Why doesn't ONTAP 8.1 simulator recover from crashes properly?

reide · ‎2011-12-19

I've noticed a disappointing feature of the ONTAP 8.1X45 7-mode simulator. It doesn't handle crashes well (or at all for that matter). If the 7-mode vsim is powered-off abruptly for whatever reason (power outage, VM powered-off, etc...) it cannot recover. When it reboots it goes into endless panic dumps (see screenshot). I lose my vsim configuration along with all my volumes, SV relationships, demos, etc... This is sad because the ONTAP 7.3 simulator handled this situation beautifully. I would run it in a Linux O/S with a journaled file system and both Linux and the 7.3 simulator would recover nicely.

Can anyone explain why it doesn't recovery successfully from crashes? Is there anything I can do to ensure it DOES recover from crashes as they're pretty common when running vsims on a laptop.

reide · ‎2011-12-19

Here is another user who appears to be experiening the exact same issue. He has even tried to bring the aggregate on-line after the crash, but it reports that WAFL is inconsistent and needs to be checked.

https://communities.netapp.com/message/68433#68433

kborovik · ‎2011-12-21

Reid,

I do not have the answer for you in regards to SIM8.1 crashes, but I can attest that SIM801 recovers gracefully. This is one of the reasons I run SIM801 and did not switch to SIM8.1.

reide · ‎2011-12-21

Interesting. I quickly re-installed the 8.0.1 7-mode sim and manually powered it off. Did it twice in fact. It does recover successfully!

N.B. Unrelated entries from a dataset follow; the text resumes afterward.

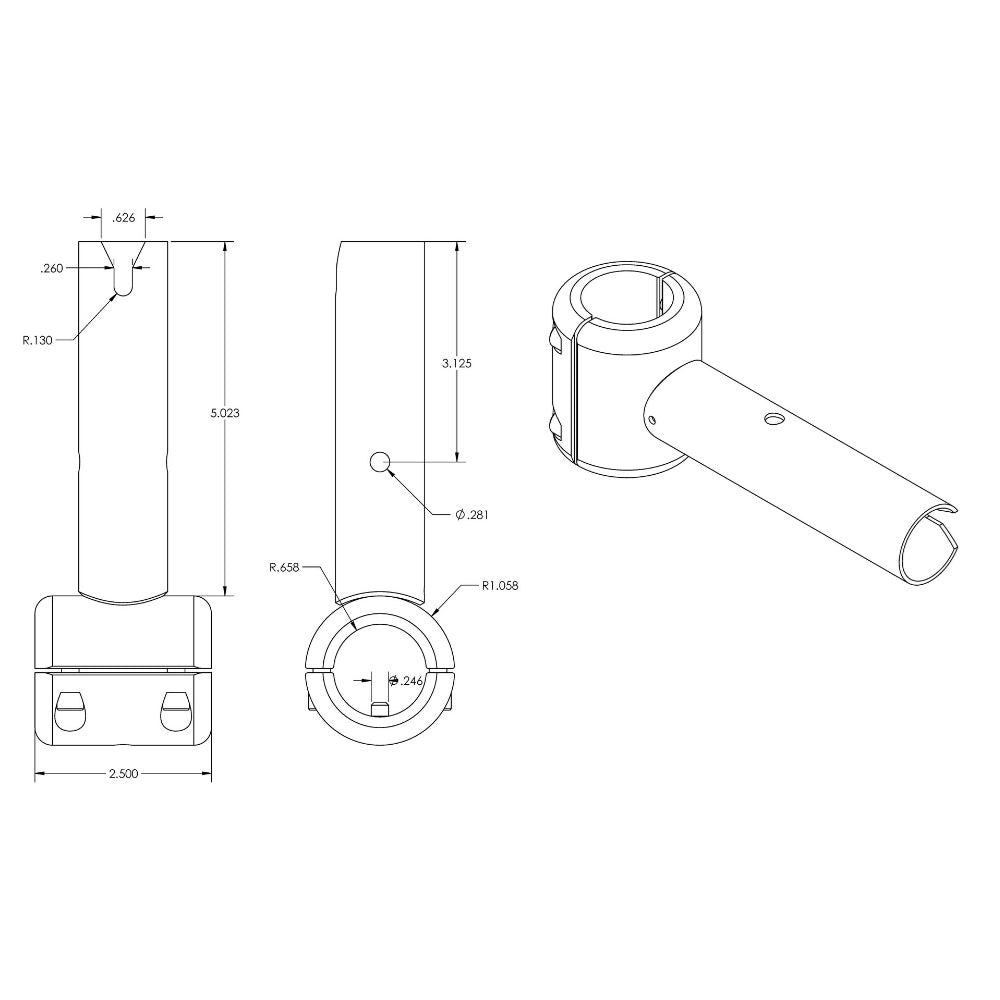 TACO ShadeFin Fixed Clamp-On Mount - Life Raft Professionals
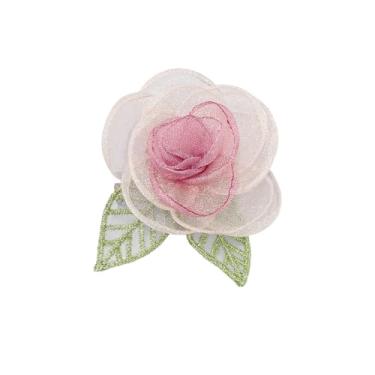 Imagem de Elegante broche de flor de camélia de organza para mulheres delicado rosa floral folha verde grampo de cabelo alfinetes de lapela para vestido saia cachecol chapéu roupas acessórios de decoração joias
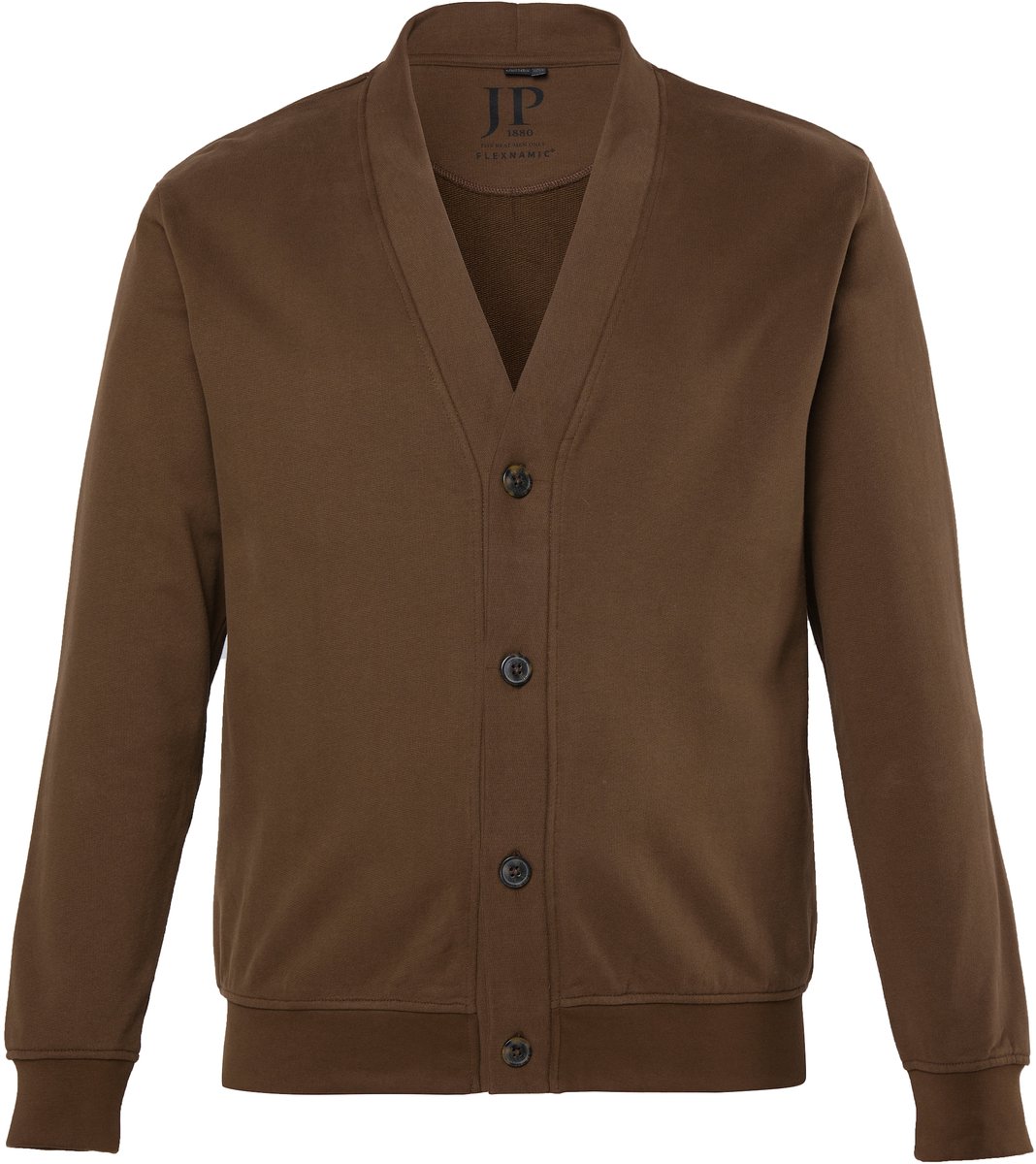 JP 1880 - Heren - Sweatvest V-hals knoopsluiting tot 8XL - Mokkabruin - Maat 4XL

I'll have to reach-out to the ONTAP simulator development team and ask what is up with the 8.1 7-mode simulator and how they can fix it. This issue cannot continue.

kborovik · ‎2012-01-09

Dear DataONTAP SIM Santa,

Please, please, release SIM for ESXi with SCSI controller and easy System ID change procedure. And if you through a bit of performance gain to us, simple mortals, we promise to sacrifice an EMC array every quarter in your name!

Thank you Dear DataONTAP SIM Santa.

julianwood · ‎2012-01-10

Hopefully we don't have to wait for SIM Santa's next run which is far to long to wait until next Christmas!

buckmaster60 · ‎2012-03-22

Any word from the NetApp dev team on fixing the kernel crashes with v8.1? Also see https://communities.netapp.com/thread/19658 It would be nice to have a stable playground for SRM testing and the new vCenter v4 plugin.

markdevries · ‎2012-04-08

Damn. Suffered a power-outage last night, whole neighborhood went black, and my 8.1 sim is ruined as well;

Bad Volinfo/Fsinfo magic for aggregate 'aggr0'

Neither volinfo block of aggregate aggr0 is valid OR the fsinfo block is i ...

PANIC: root aggregate or volume was taken offline in SK process rc on release 8.1RC3X18 ...

Dumping to core disk.

Could someone from NetApp please let us know if they consider/acknowledge this as a problem that needs fixing?

I don't think it reasonable to expect everyone to run the simulator on equipment that has production quality redundant no-break power feeds, etc.

And as such I don't think it's unreasonable to expect the sim to be a little bit more resilient to accidents like this.

scottgelb · ‎2012-04-08

I create a VMware SnapShot then restore when that happens... not an ideal workaround but works well and lets met have a baseline to setup my VSIMs the way I want and revert back after giving a demo or test.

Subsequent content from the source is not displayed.